I was wanting to know if anyone experienced in fiberglass/boat repair could maybe give me an idea of what kinda costs I am looking at to get this thing fixed.












obvious transom damage














if you look closely on the left side of the hull, there is a crack near front of rod holders














I assume this is associated with above pic

























The owner said the he bought the boat in this condition, and it has been sitting since 2004. Damage is from boat coming off trailer, one engine is completely shot (broke lower in half), the other is salvageable, but the 85hp Suzuki's, which I don't really want to fool with. I really cant say much more than the pics since the boat is about 10 hours away.



Thanks for the help guys. Love this board, keeps me busy at work 



Daniel


----------



## Kajun (Oct 4, 2007)

oh man.. keep looking...that boat need so much work that by the time you would complete it...you would of spent more time and money that you could of bought a boat that needed NO work and you would of been fishing for months instead of sanding fiberglass....


----------



## 60hertz (Oct 1, 2007)

This boat would make a great reef.


----------



## jimmy-buff-it (Oct 10, 2007)

The man for the job is Big Mikes Fiberglass Repair, he's in pace.. Doesgreat work call me if you want his number 850-982-0142......


----------



## fishnfool (Oct 2, 2007)

Marshall Steward would LOVE to do one of those. As soon as he's done with Mark's boat he may have room for it too. Give him a shout at 626-6607 in Milton.


----------



## H2OMARK (Oct 2, 2007)

Bill is right, Mr. Steward does great work at a more than fair price. Good fella to work with as well. He should be finishing mine up this spring and will be ready to start on yours!!!


----------



## emeraldcozy (Oct 3, 2007)

I second that. Marshall has done a repair on my boat as well. Excellent work for a ery reasonable price.:bowdown


----------



## sosmarine (Sep 28, 2007)

Call Fayne Limbo. This is right up his alley. 850-723-2473. He is up Hwy 87 about half way between Navarre and Hwy 90. www.limboboat.com


----------



## Getsome (Sep 28, 2007)

I will second Fayne Limbo, he rebuilt my transom at half the price that Big Mike wanted. He did a great job. SOS refered me to him as well.


----------



## welldoya (Oct 5, 2007)

Do these guys have shops or just do it in their backyard ?

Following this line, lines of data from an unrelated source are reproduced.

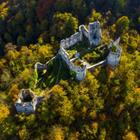 Ilija Ascic/Shutterstock.com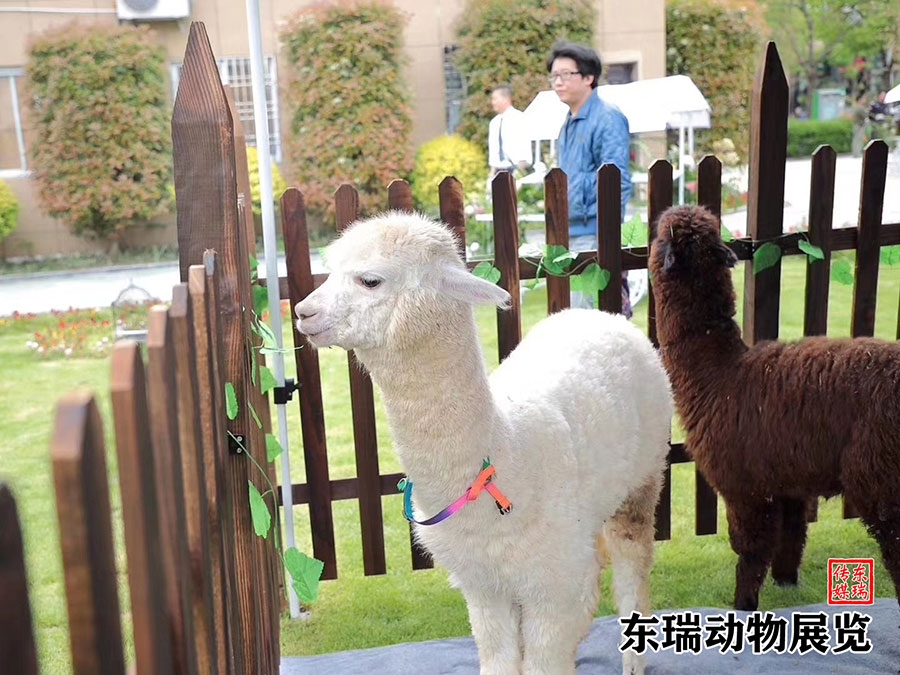 羊駝?wù)故?></div><ol>羊駝?wù)故?/ol></a></li><li><a href=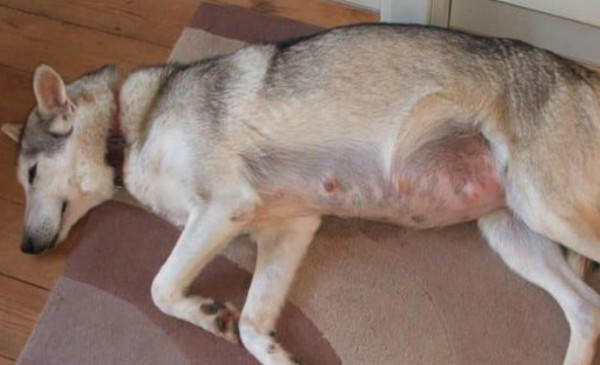 How to spend a dog s fake pregnancy? The methods are all here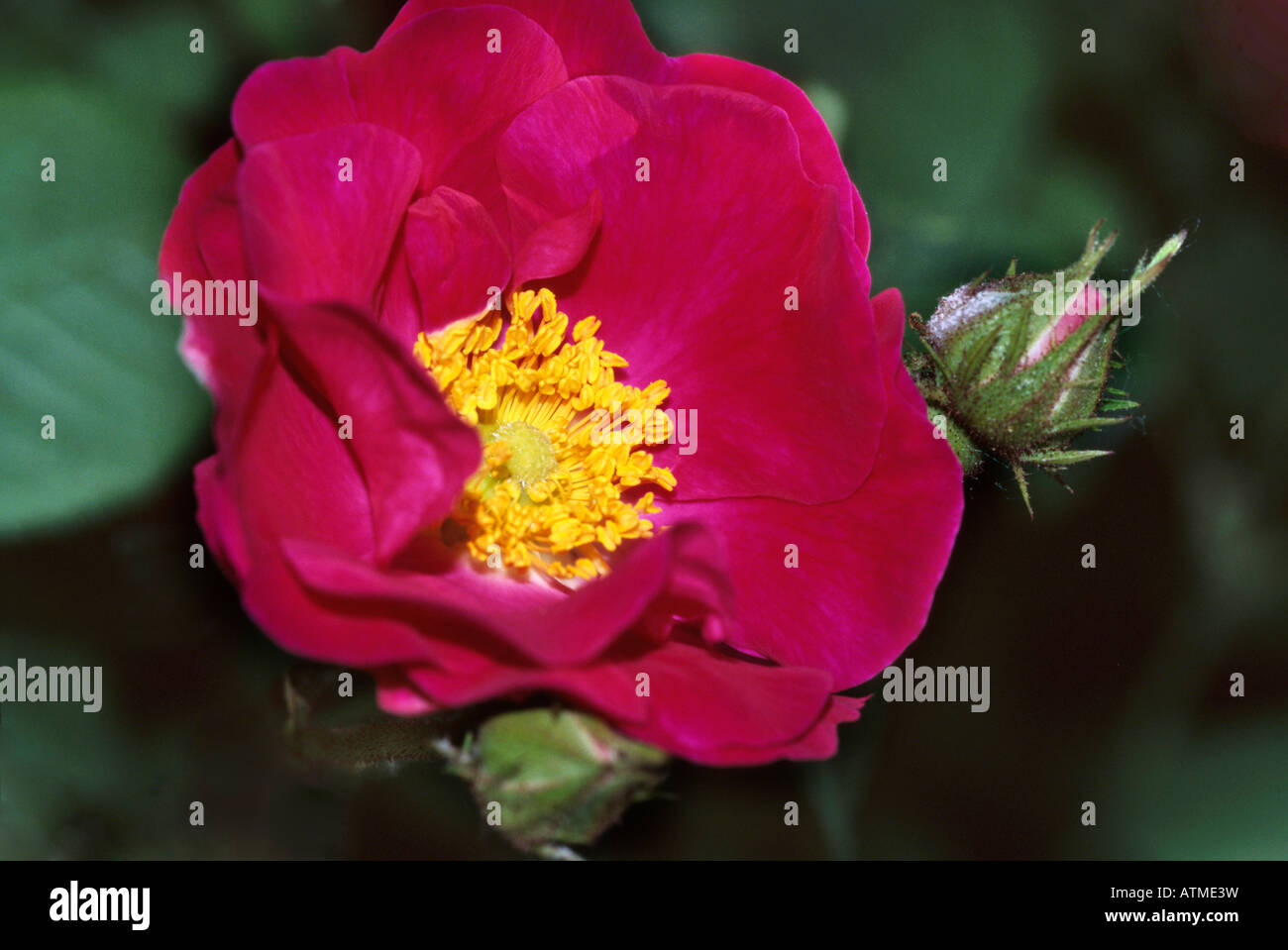 Rosa gallica officinalis - viola, rosa rossa Foto Stock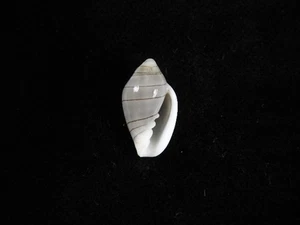 Sea Shell Marginella musica 18.2mm ID#9427 - Picture 1 of 2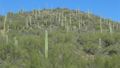 West of Tucson, Arizona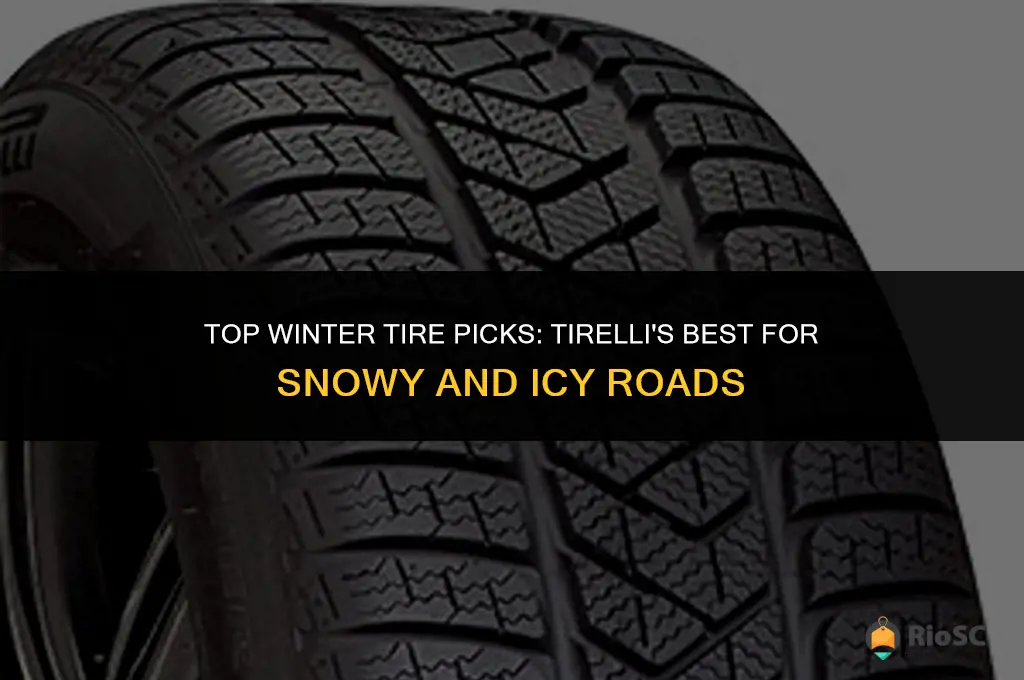 tirerack best winter tires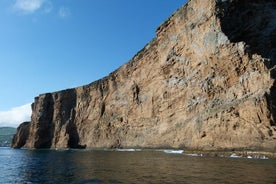 Snorkelervaring op het eiland Terceira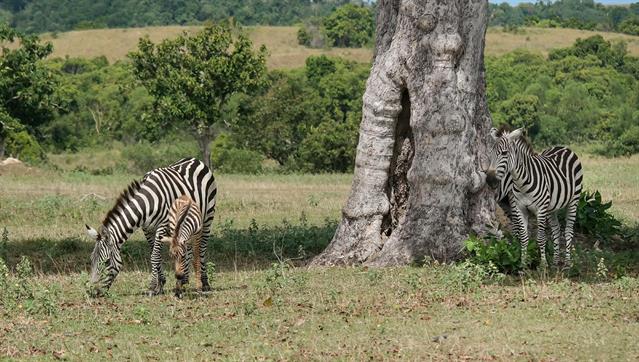 Girafen und Zebras leben gemeinsam in dem Park. Wir haben das Gefühl, in Afrika zu sein.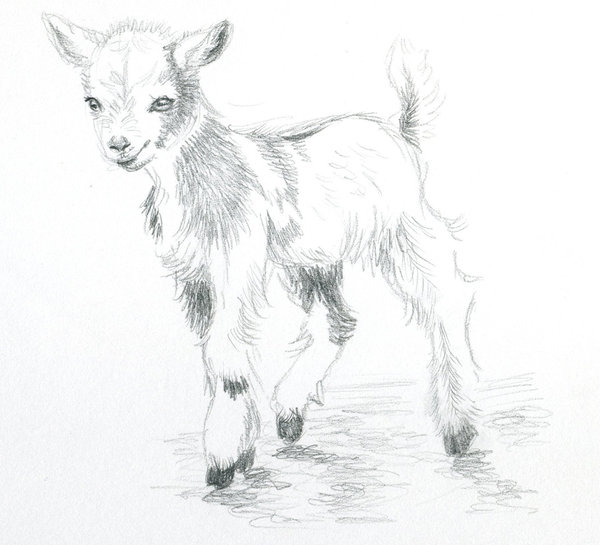 600x545 Baby Pygmy Goats Drawings Switchsecuritycompanies - Pygmy Goat Drawing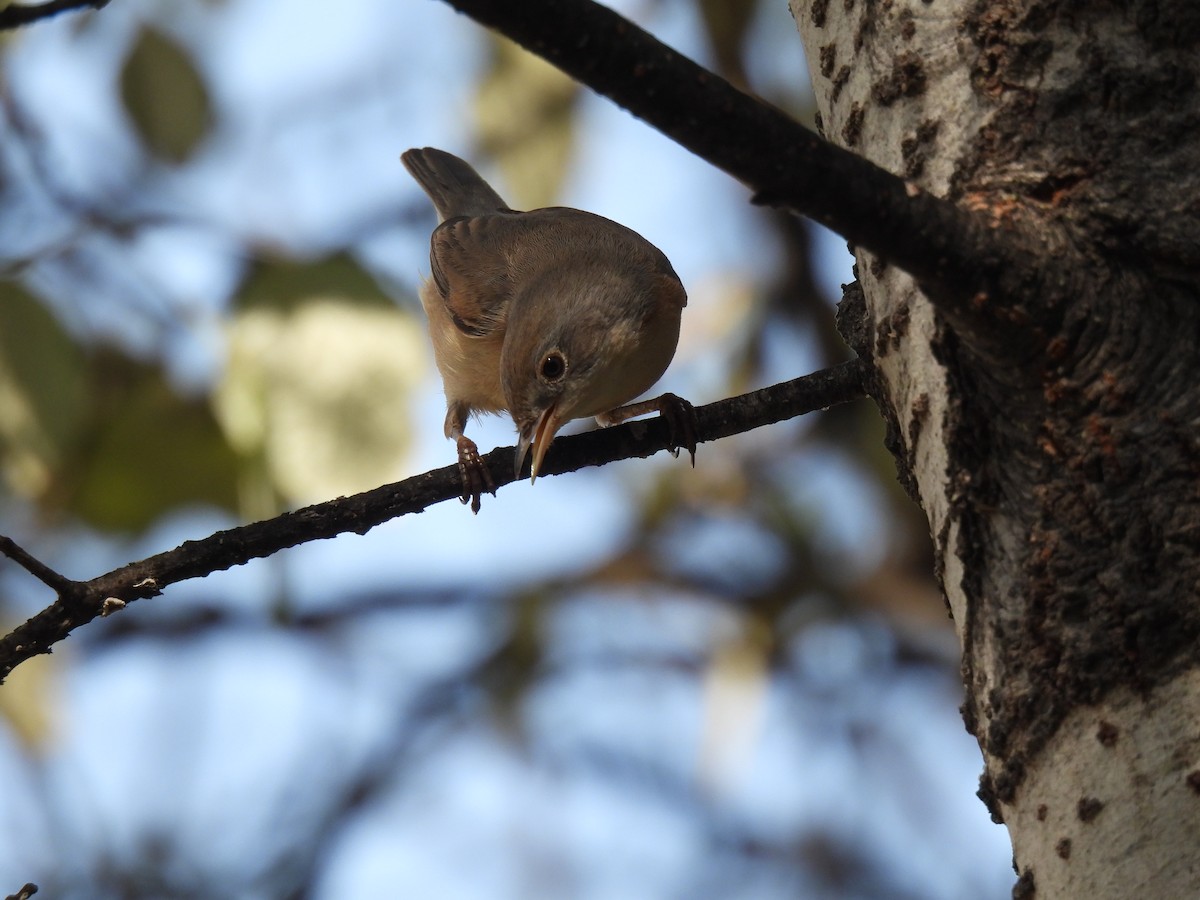 Western Subalpine Warbler - ML643144192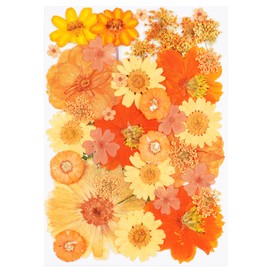40Pcs Orange Dried Pressed Flowers for Crafts,Xinxinran Dry Flowers Kit for Resin Molds,Epoxy Resin Accessories,Bookmark,Nails, Jewelry Molds,Candle Making Supplies,Soap,Frame,Cakes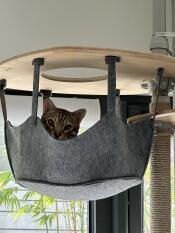 A cat looking out from the freestyle grey hammock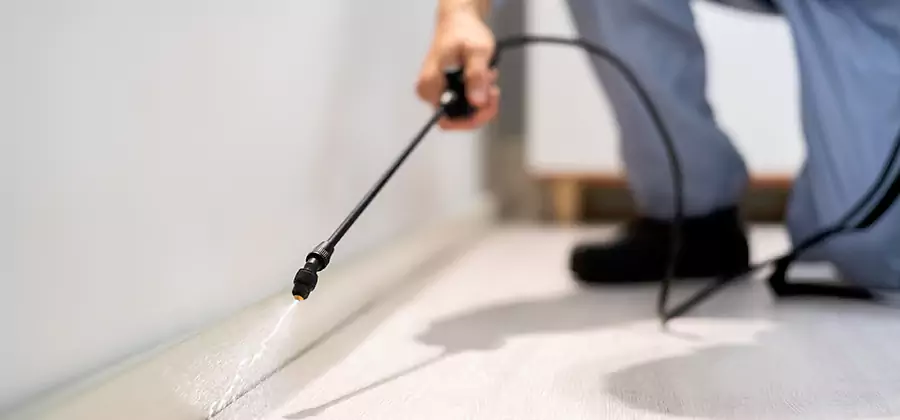 Direct Termite Injection Treatment in Union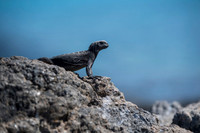 Marine iguana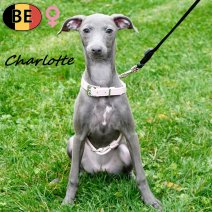 Italiaanse Windhond 080725 F(BE4840) 311025.jpg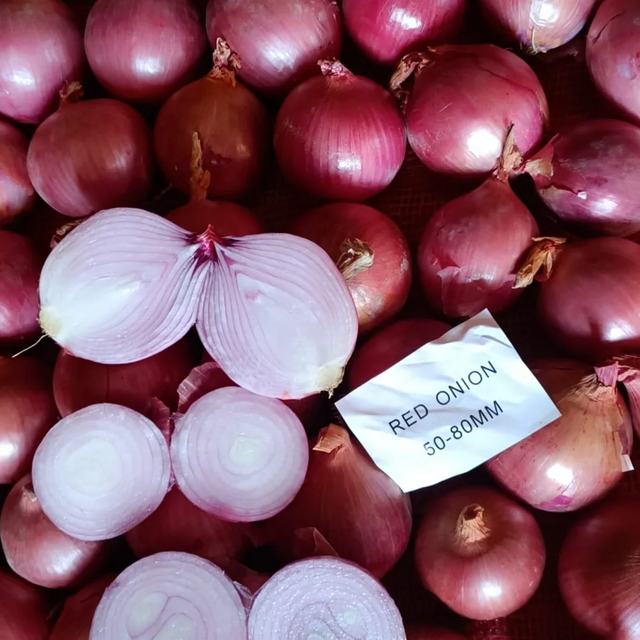 Fresh Mixed Onions – Red, Yellow, White and Shallot Export Supply - Image 5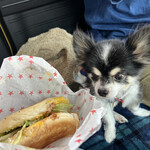 Stamina本舗 Kaya - 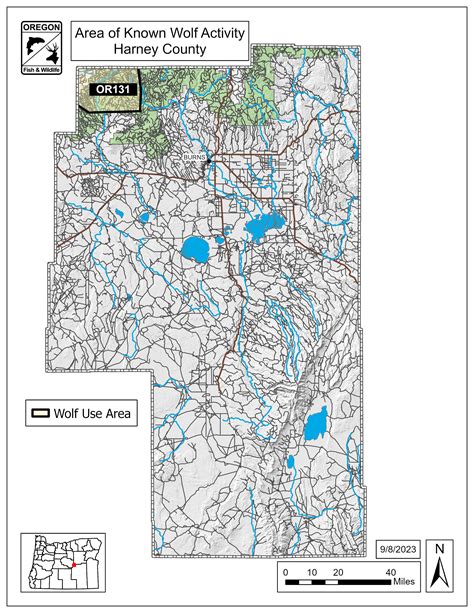 Specific Wolves And Wolf Packs In Oregon Harney County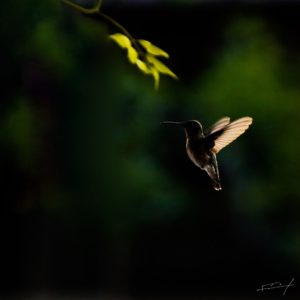 13052020colibri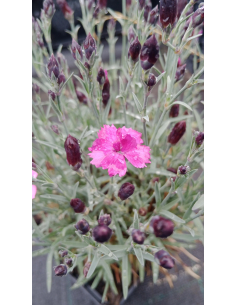 Goździk ogrodowy 'Dinetta Purple' - Dianthus 1L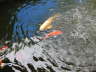 Koi Fish
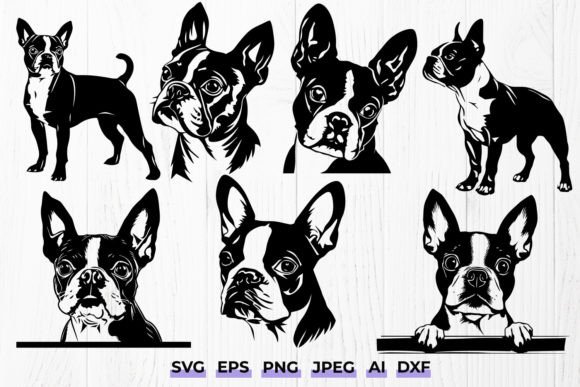 Boston Terrier Dog Breed SVG Bundle – A Designer's Review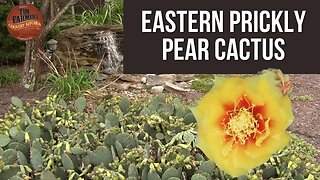 All About The Eastern Prickly Pear Cactus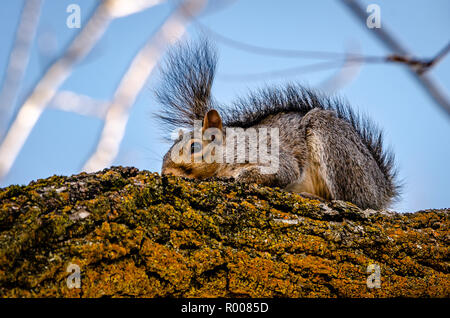 Gray squirrel resting on a black walnut branch. Spokane, Washington, USA Stock Photo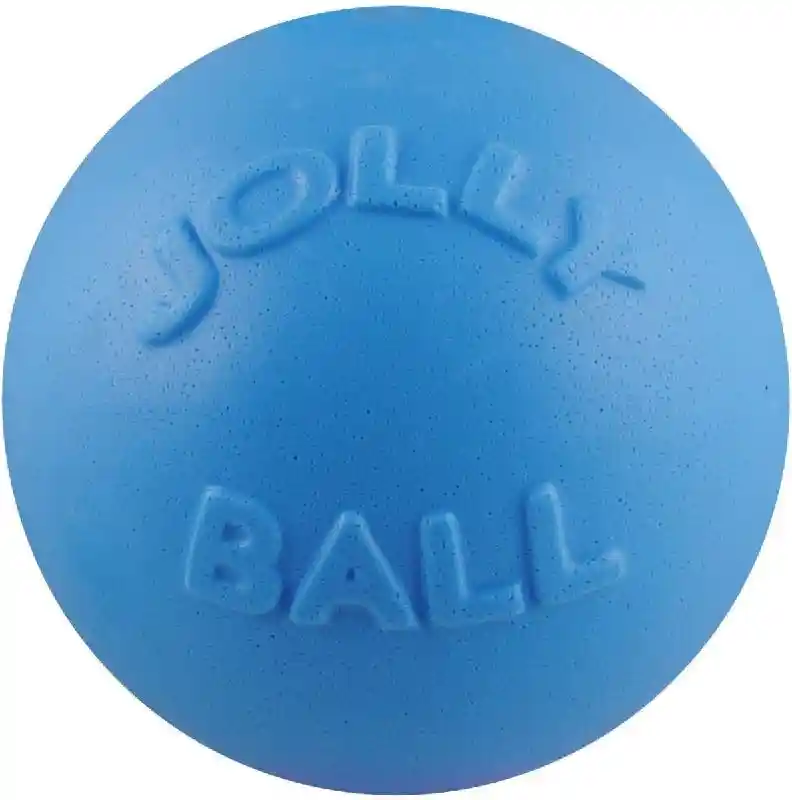 Jolly Bounce-n-Play Blue Berry 6"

I've got a small crack I need to get fixed but I don't want it done bad enough to justify a lot of overhead built into the price.


----------



## H2OMARK (Oct 2, 2007)

Mr. Steward works at his house in Milton


----------



## sosmarine (Sep 28, 2007)

Fayne Limbo actually builds custom boats, so he has a shop. Check out the web site. www.limboboat.com


----------



## Mikvi (Mar 11, 2008)

That's an easy fix! Just unscrew the rodholder and screw a new boat onto it. Job done


----------



## Xanadu (Oct 1, 2007)

> *Mikvi (4/6/2008)*That's an easy fix! Just unscrew the rodholder and screw a new boat onto it. Job done




Yep. Unless you're looking for a long term hobby and the guy is going to pay you 5k to take it, then run.


----------



## pappastratos (Oct 9, 2007)

For some reason, I can not see the pic,,,fiberglass work is expensive,,,


----------



## danthemanx07 (Oct 7, 2007)

Well thanks for the input guys, I guess my intrigue in this hull was that a good hull of this particular make and model, even with older engines, runs between 17k-22k. I sounds like the common opinion would be to steer clear though. Projects always seem to be cheaper than they really are :boo, so I will keep looking. 



Thanks for the insight guys.


----------